__YOUR ASSIGNMENT__
Using the records below, copy exactly the part that opens with the line holding "cone beam ct and 3d imaging you" and closes with the line holding "桃 あいのり 整形 鼻", minus the pictures.

__RECORDS PROVIDED__

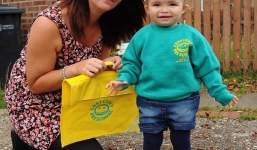 Bé gái 2 tuổi, u nang hai bộ phận vẫn sống khỏe mạnh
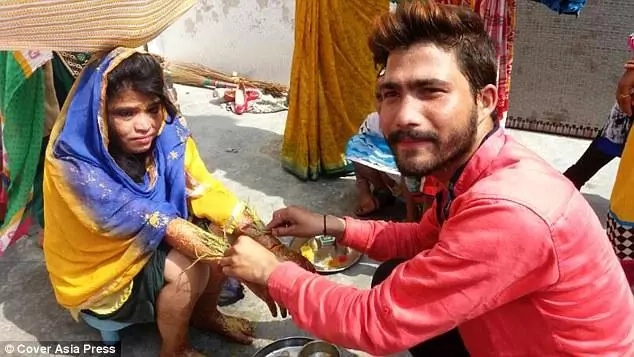 Kavita had to go through a long period of treatment Kavita had to go through a long period of treatment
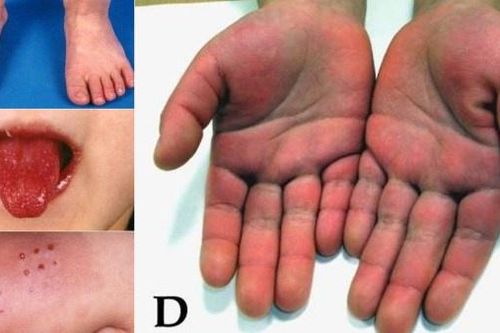 Bác sĩ Anh theo dõi liên hệ giữa Covid-19 và bệnh Kawasaki ở trẻ em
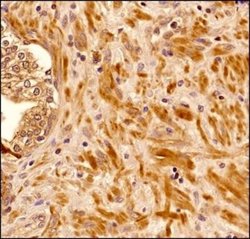 Senataxin Antibody (5D8) - Azide and BSA Free, Novus Biologicals 0.1 mg;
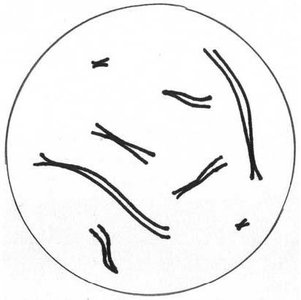 Cell with chromosomes at metaphase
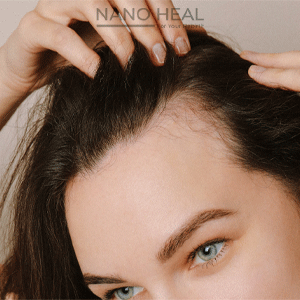 What-hair-serum-should-I-use-to-completely-stop-hair-loss-min
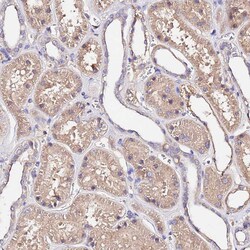 Invitrogen MTERF Polyclonal Antibody 100 &mu;L; Unconjugated:Antibodies,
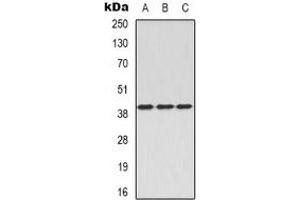 Western blot analysis of CD88 expression in A549 (A), mouse brain (B), rat spleen (C) whole cell lysates. (C5AR1 抗体  (N-Term))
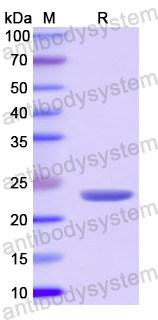 Recombinant Human COL15A1 Protein, N-His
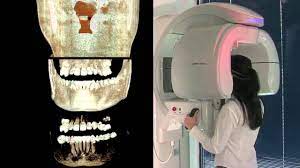 cone beam ct and 3d imaging you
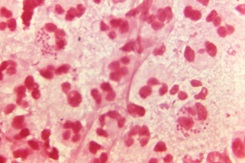 Magnified photomicrograph of a Gram-stained urethral discharge specimen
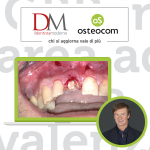 Chirurgia on demand del Prof. Simion sulla GBR nei settori estetici DM_il dentista moderno_corsi_simion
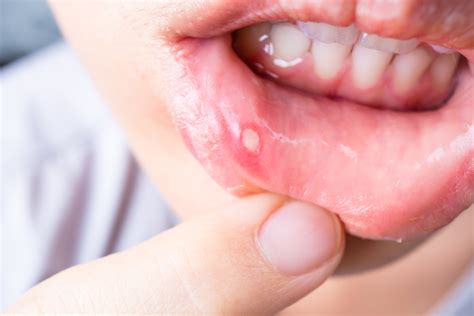 Canker Sores Causes Symptoms And Treatment Rockland Dental Specialists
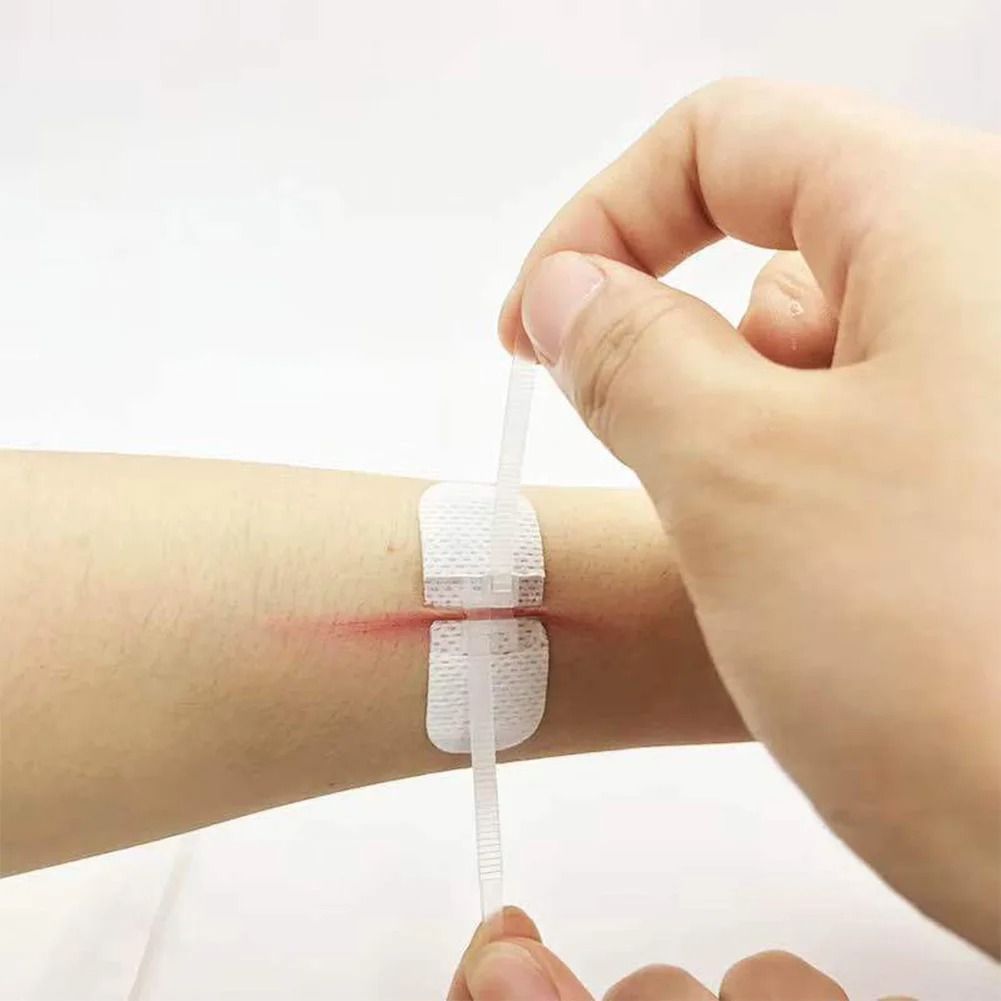 3 Piece Wound Closure Zipper Patch Hemostatic Emergency Device 3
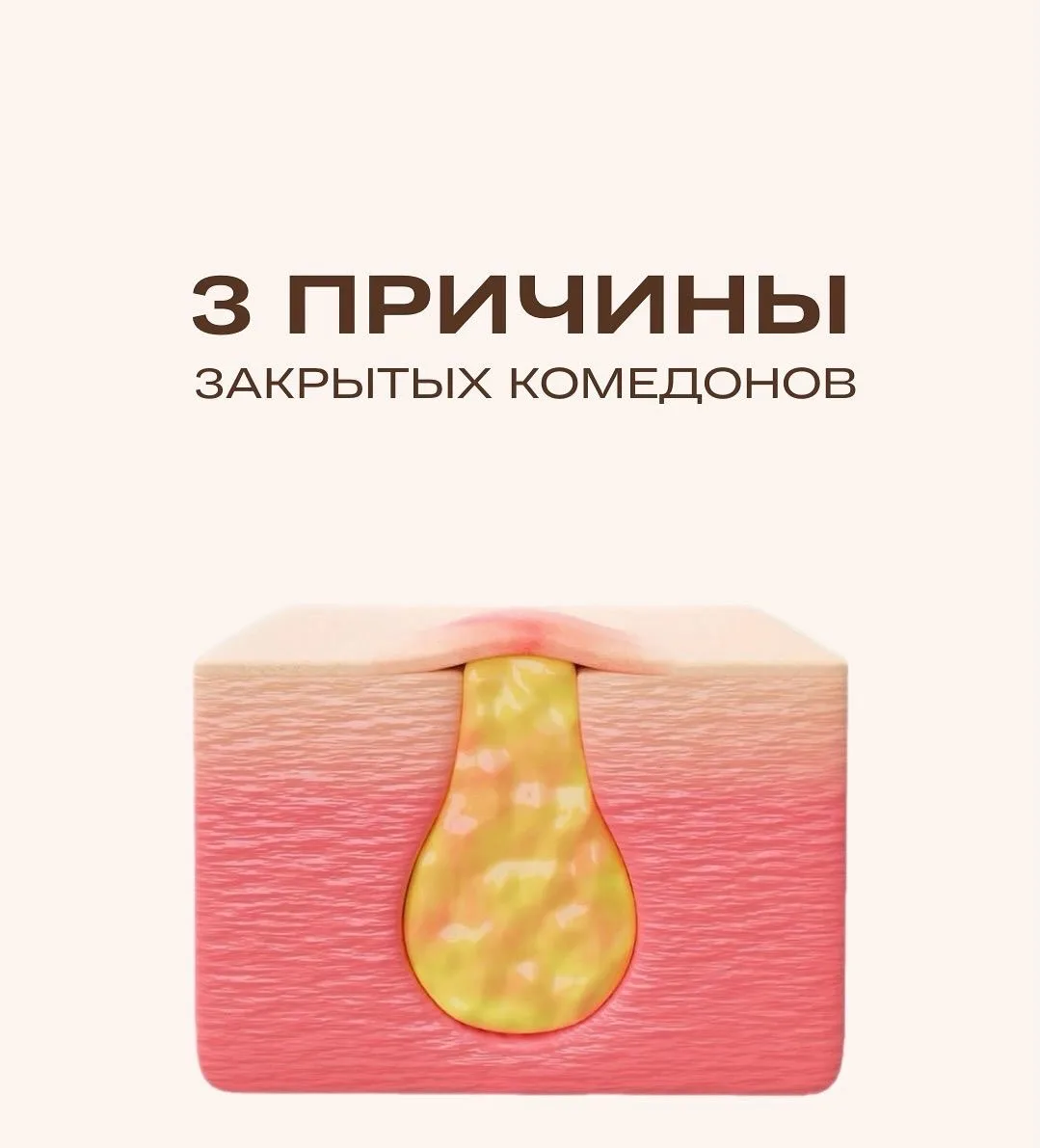 3 малоизвестные причины закрытых комедонов

Многие винят только жирную кожу и плохое очищение. Но пр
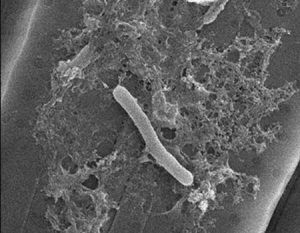 This scanning electron microscope image shows Bacteroidetes bacteria on the algae Pseudo-nitzschia multiseries. Production of the toxin domoic acid seems to depend on the interaction between bacteria and algae. (Image credit: Sison-Mangus Lab)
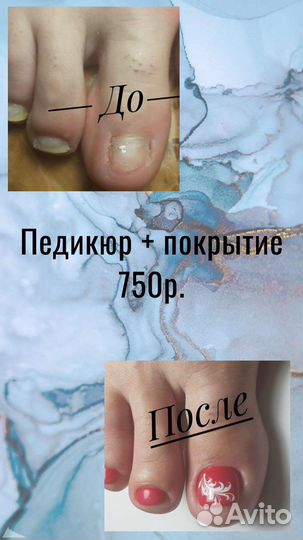 Педикюр, подология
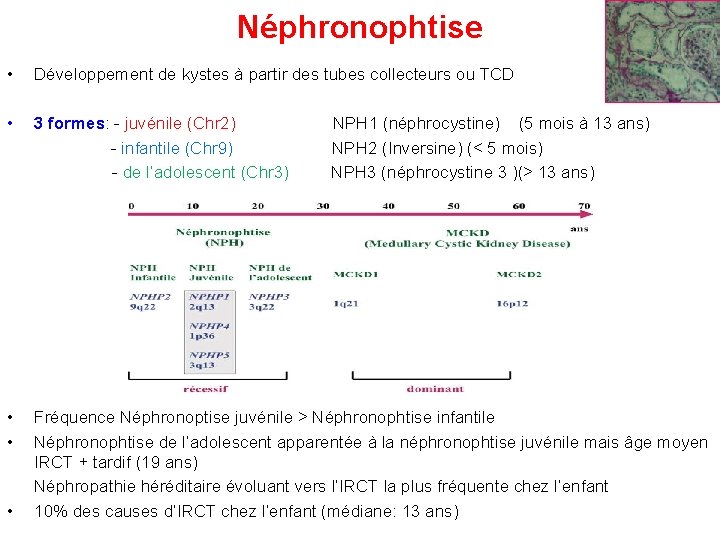Néphronophtise • Développement de kystes à partir des tubes collecteurs ou TCD • 3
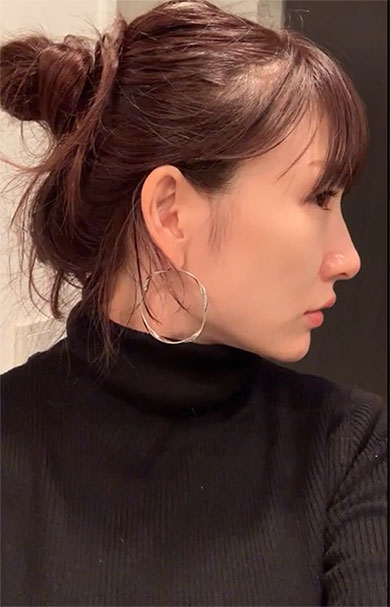 桃 あいのり 整形 鼻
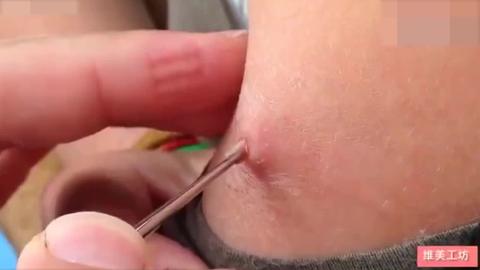 (转自b站,侵删) 流量党自觉看下方介绍. 人肤蝇,肤蝇的一种.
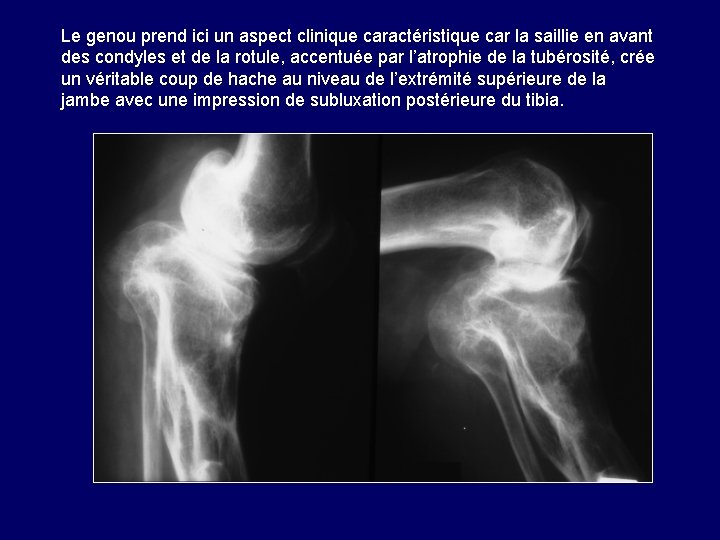 Le genou prend ici un aspect clinique caractéristique car la saillie en avant des Le genou prend ici un aspect clinique caractéristique car la saillie en avant des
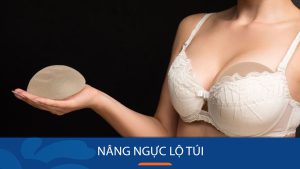 Nâng ngực lộ túi: Biểu hiện và phương pháp khắc phục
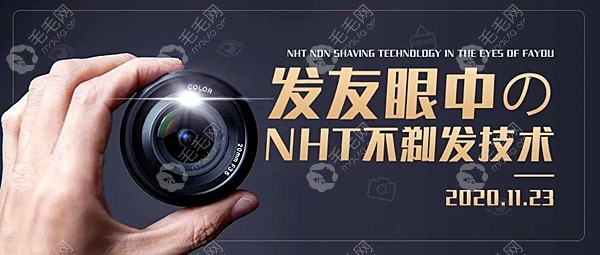 记录：在北京碧莲盛做NHT技术植发际线后的真实体验和评价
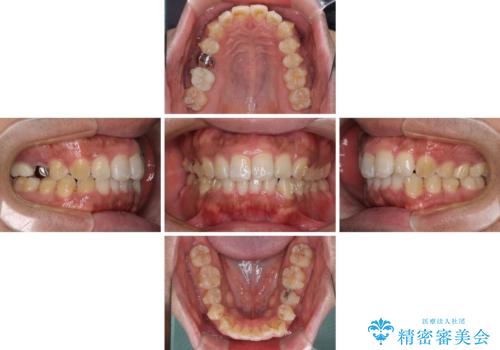 インビザラインによる矯正治療と、折れてしまった歯のインプラント補綴治療の治療中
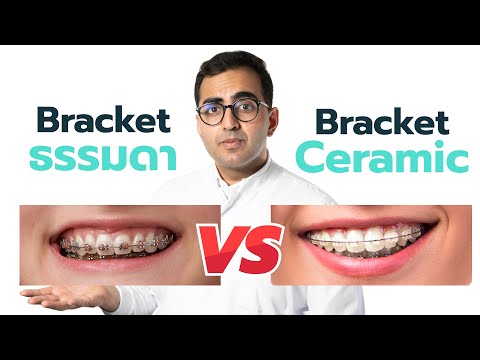 Bracket ธรรมดา vs. Bracket Ceramic‼️ I หมอฟัน SmileBox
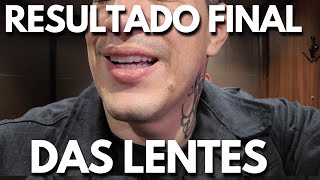 Como ficaram as minhas lentes de ZINCRONIO [upl. by Clair]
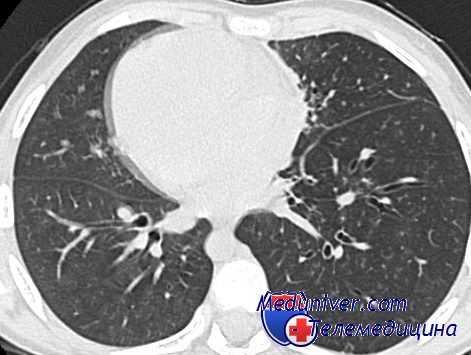 операция на легком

__TASK RESPONSE__
 cone beam ct and 3d imaging you
 Magnified photomicrograph of a Gram-stained urethral discharge specimen
 Chirurgia on demand del Prof. Simion sulla GBR nei settori estetici DM_il dentista moderno_corsi_simion
 Canker Sores Causes Symptoms And Treatment Rockland Dental Specialists
 3 Piece Wound Closure Zipper Patch Hemostatic Emergency Device 3
 3 малоизвестные причины закрытых комедонов

Многие винят только жирную кожу и плохое очищение. Но пр
 This scanning electron microscope image shows Bacteroidetes bacteria on the algae Pseudo-nitzschia multiseries. Production of the toxin domoic acid seems to depend on the interaction between bacteria and algae. (Image credit: Sison-Mangus Lab)
 Педикюр, подология
Néphronophtise • Développement de kystes à partir des tubes collecteurs ou TCD • 3
 桃 あいのり 整形 鼻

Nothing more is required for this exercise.